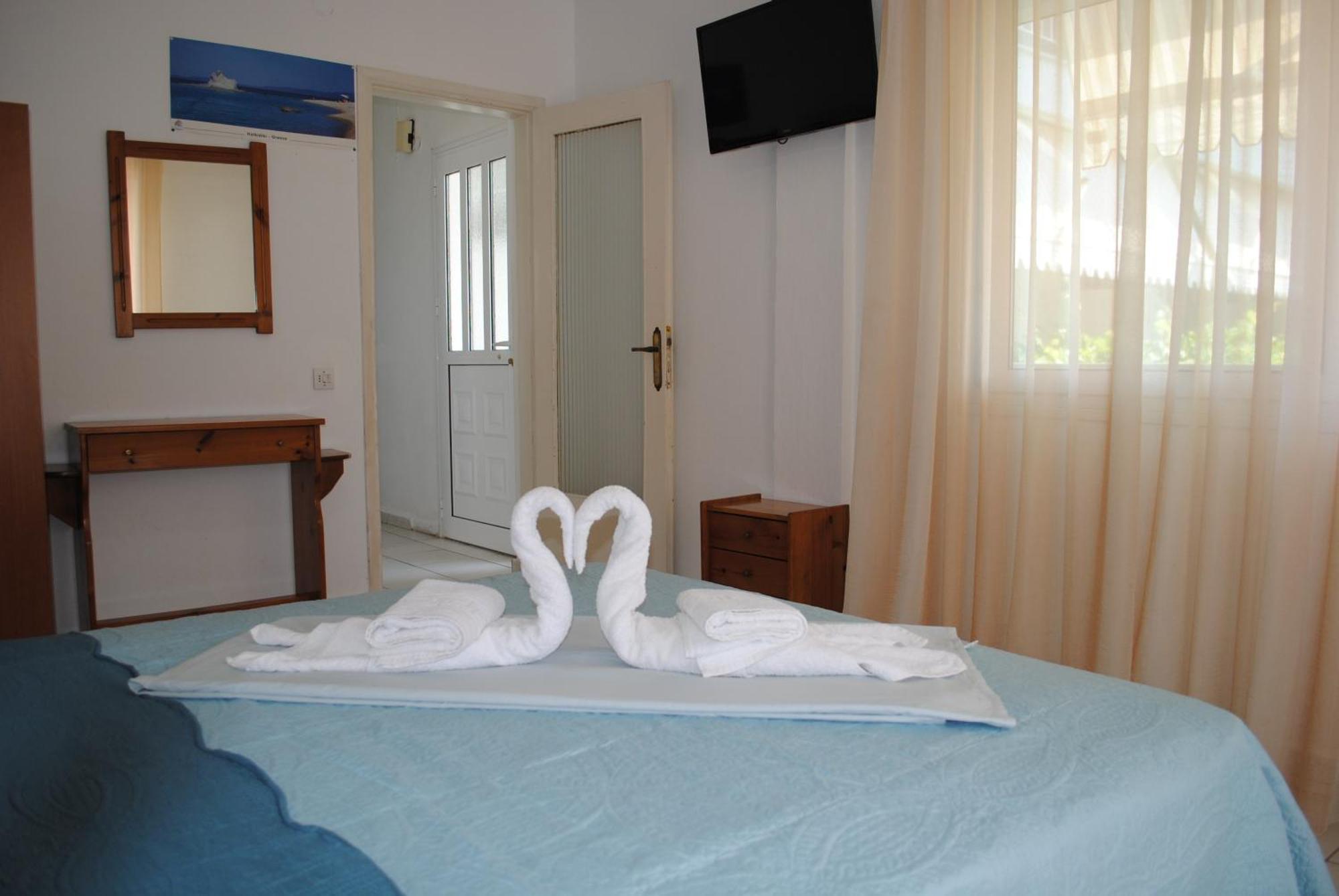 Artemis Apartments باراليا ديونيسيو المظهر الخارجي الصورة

...

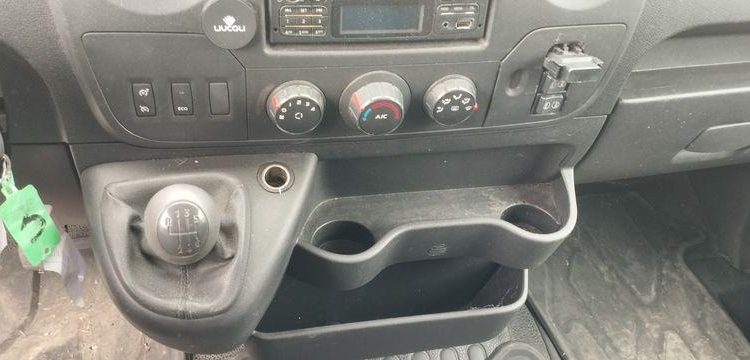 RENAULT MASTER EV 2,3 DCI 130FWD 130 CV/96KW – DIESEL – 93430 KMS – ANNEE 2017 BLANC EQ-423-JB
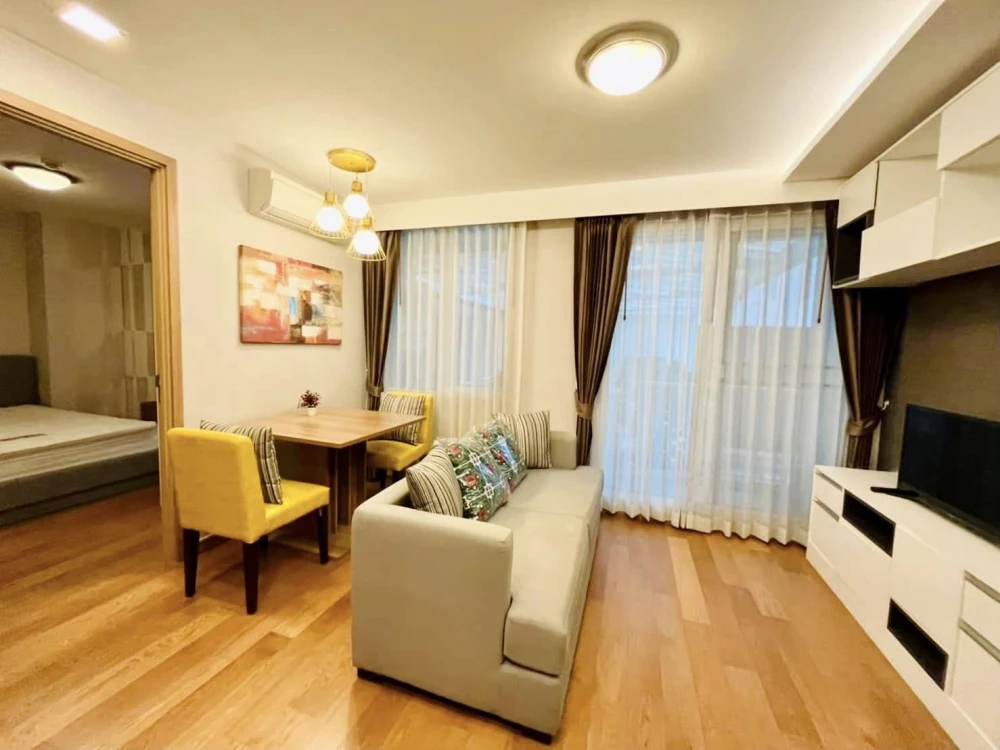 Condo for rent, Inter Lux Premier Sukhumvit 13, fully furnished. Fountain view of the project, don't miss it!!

THE PROBLEM – Skipping every picture, transcribe exactly the lines above from the one containing "RENAULT MASTER EV" through the one containing "Condo for rent, Inter", both included.

TASK OUTPUT –
 RENAULT MASTER EV 2,3 DCI 130FWD 130 CV/96KW – DIESEL – 93430 KMS – ANNEE 2017 BLANC EQ-423-JB
 Condo for rent, Inter Lux Premier Sukhumvit 13, fully furnished. Fountain view of the project, don't miss it!!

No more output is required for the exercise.